§ Short web captions
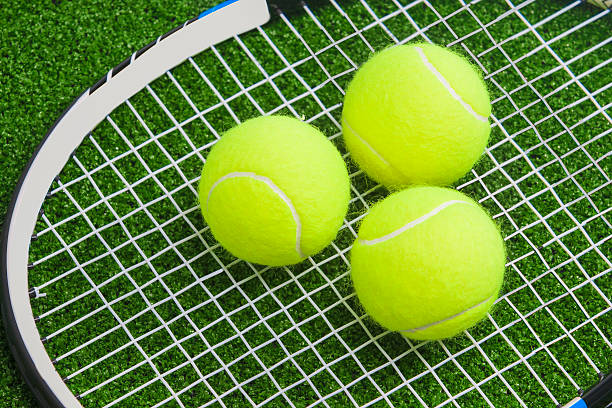 istock Concept of three Balls on a Tennis Racket Strings 180802070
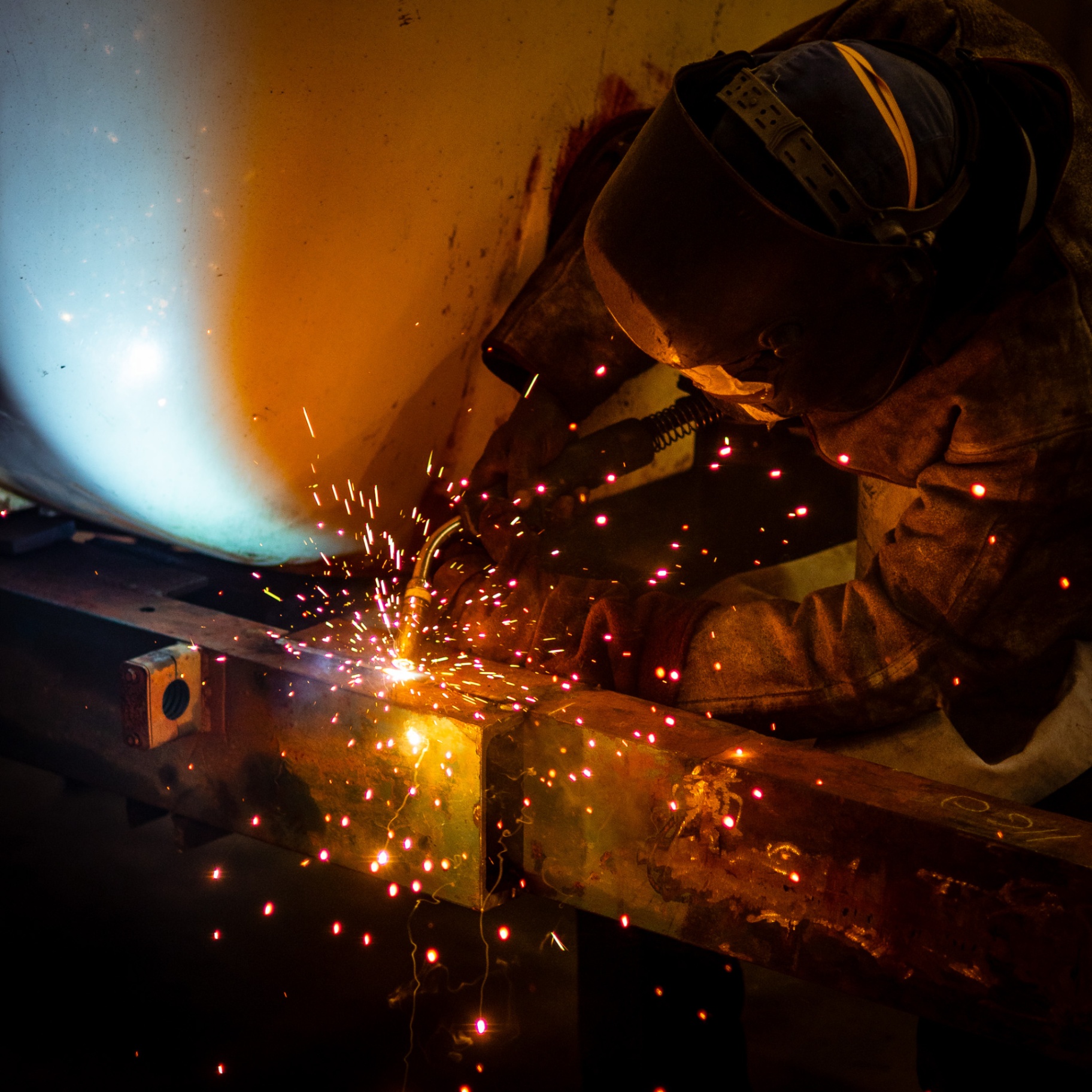 MIG welder fabricating a steel frame with sparks flying
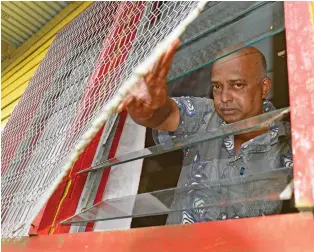  ?? Photo: Ronald Kumar ?? Shree Satya Sanatan Dharam Ramayan Mandali (temple) President, Janen Prasad, shows the window that was forced open to gain entry to the temple in Waila, Nausori.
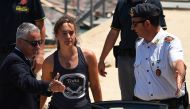 FILE PHOTO: Carola Rackete, the 31-year-old Sea-Watch 3 captain, disembarks from a Finance police boat and is escorted to a car, in Porto Empedocle, Italy July 1, 2019. REUTERS/Guglielmo Mangiapane/File Photo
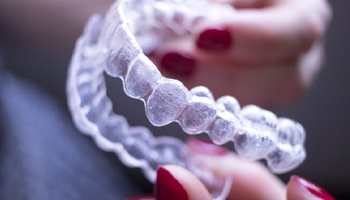 Woman holding a pair of Invisalign aligners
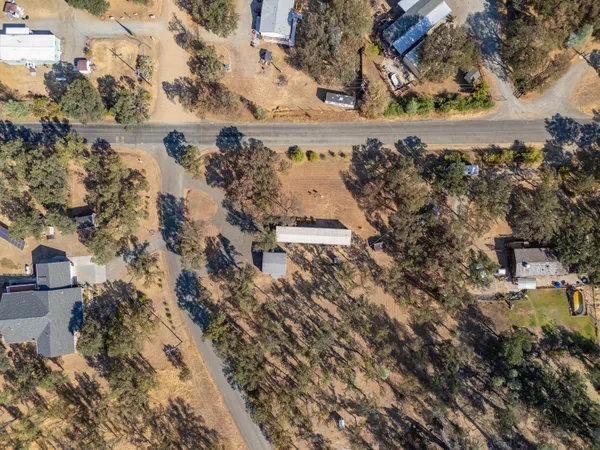 an aerial view of beach and residential building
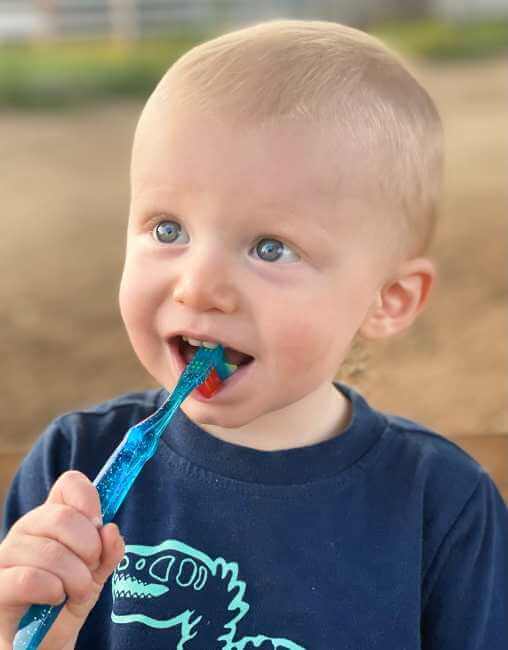 toddler brushing his small teeth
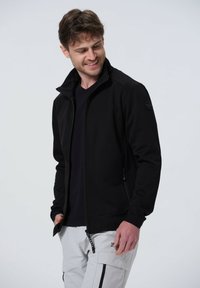 Schwarze Zip-Jacke mit Stehkragen, glatter Textur und seitlichen Taschen. Kombiniert mit einem schwarzen Shirt und hellgrauen Hosen mit Reißverschlüssen.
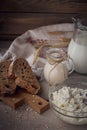 Fresh dairy products. Milk, cottage cheese, sour cream, multigrain homemade bread and wheat on rustic wooden background. Royalty Free Stock Photo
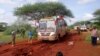 Kenyan security forces and others gather around the scene on an attack on a bus about 50 kilometers outside the town of Mandera, near the Somali border in northeastern Kenya, Nov. 22, 2014.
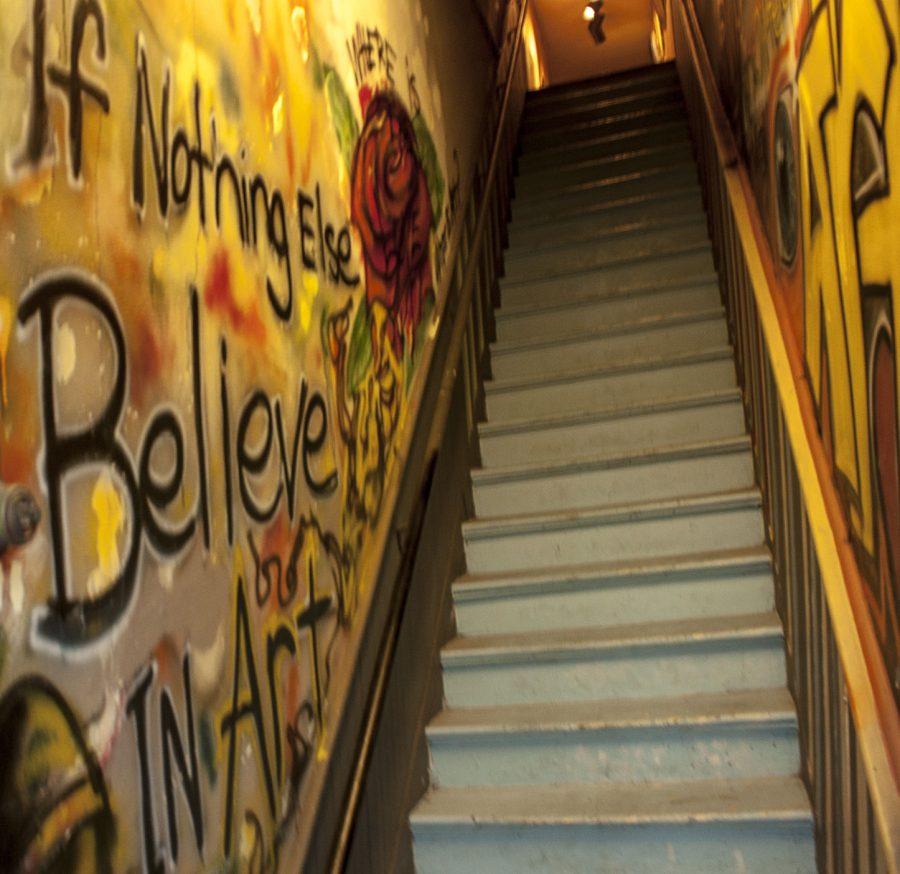The stairs leading up to Two Wolves Studio & Artist Den provide a sneak peek at the diverse array of artwork inside the gallery. Members of the Two Wolves Collective will be showcased at this months First Friday Artwalk. Two Wolves is located at 837 1/2 N. Kansas Ave., in the NOTO Arts District.
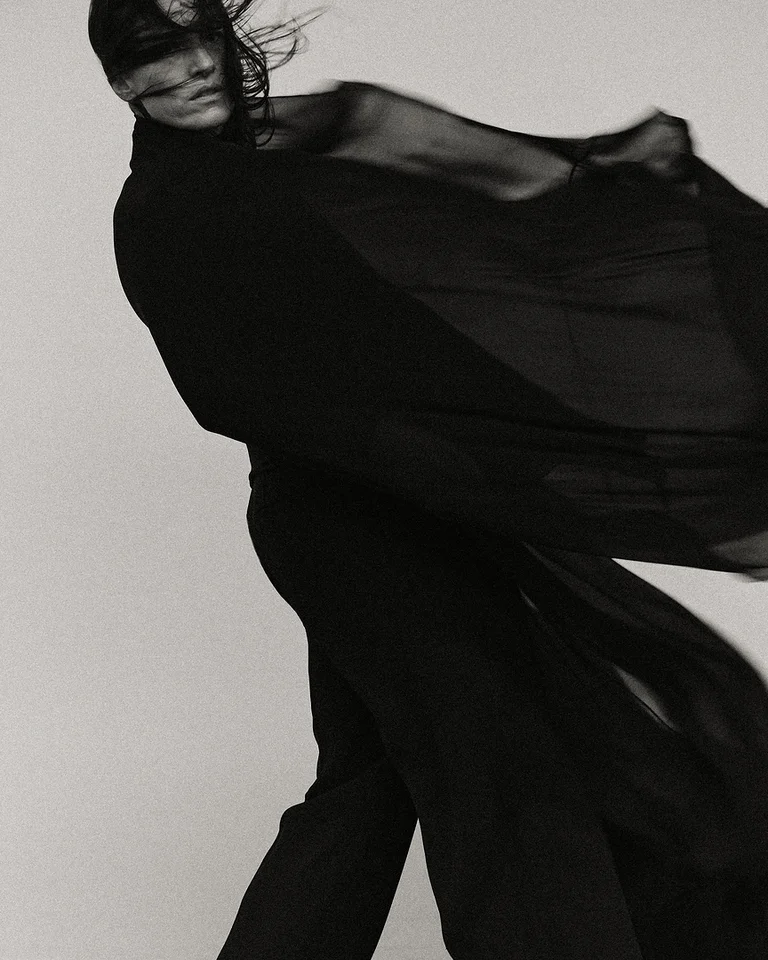 A person (Carminho) in black clothing moves dynamically, with flowing fabric, reminiscent of modern expressive dance.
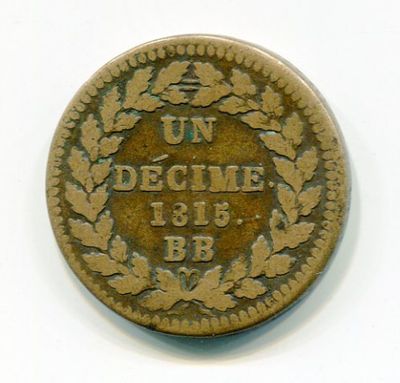 a close up of a coin on a white surface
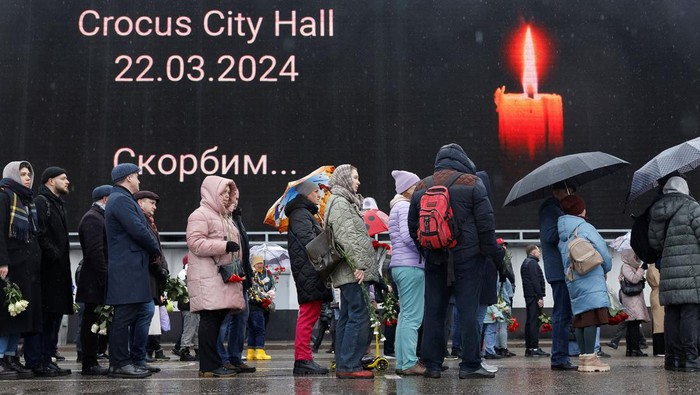 People gather at a makeshift memorial to the victims of a shooting attack set up outside the Crocus City Hall concert venue in the Moscow Region, Russia, March 24, 2024. REUTERS/Maxim Shemetov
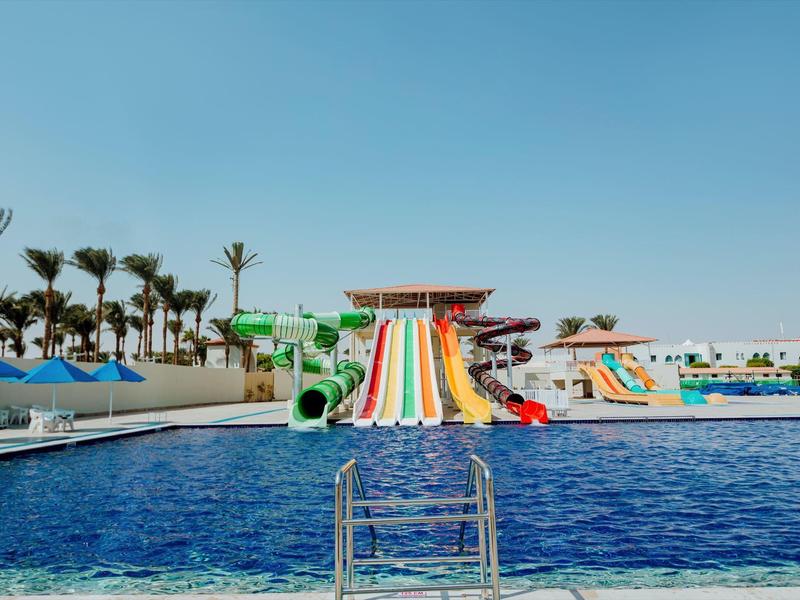 Wasserpark mit bunten Wasserrutschen und großem Pool unter klarem Himmel.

§ Your objective
Every line above should be transcribed word for word; leave the pictures out.

§ Problem solution
 istock Concept of three Balls on a Tennis Racket Strings 180802070
 MIG welder fabricating a steel frame with sparks flying
  ?? Photo: Ronald Kumar ?? Shree Satya Sanatan Dharam Ramayan Mandali (temple) President, Janen Prasad, shows the window that was forced open to gain entry to the temple in Waila, Nausori.
 FILE PHOTO: Carola Rackete, the 31-year-old Sea-Watch 3 captain, disembarks from a Finance police boat and is escorted to a car, in Porto Empedocle, Italy July 1, 2019. REUTERS/Guglielmo Mangiapane/File Photo
 Woman holding a pair of Invisalign aligners
 an aerial view of beach and residential building
 toddler brushing his small teeth
 Schwarze Zip-Jacke mit Stehkragen, glatter Textur und seitlichen Taschen. Kombiniert mit einem schwarzen Shirt und hellgrauen Hosen mit Reißverschlüssen.
 Fresh dairy products. Milk, cottage cheese, sour cream, multigrain homemade bread and wheat on rustic wooden background. Royalty Free Stock Photo
 Kenyan security forces and others gather around the scene on an attack on a bus about 50 kilometers outside the town of Mandera, near the Somali border in northeastern Kenya, Nov. 22, 2014.
The stairs leading up to Two Wolves Studio & Artist Den provide a sneak peek at the diverse array of artwork inside the gallery. Members of the Two Wolves Collective will be showcased at this months First Friday Artwalk. Two Wolves is located at 837 1/2 N. Kansas Ave., in the NOTO Arts District.
 A person (Carminho) in black clothing moves dynamically, with flowing fabric, reminiscent of modern expressive dance.
 a close up of a coin on a white surface
 People gather at a makeshift memorial to the victims of a shooting attack set up outside the Crocus City Hall concert venue in the Moscow Region, Russia, March 24, 2024. REUTERS/Maxim Shemetov
 Wasserpark mit bunten Wasserrutschen und großem Pool unter klarem Himmel.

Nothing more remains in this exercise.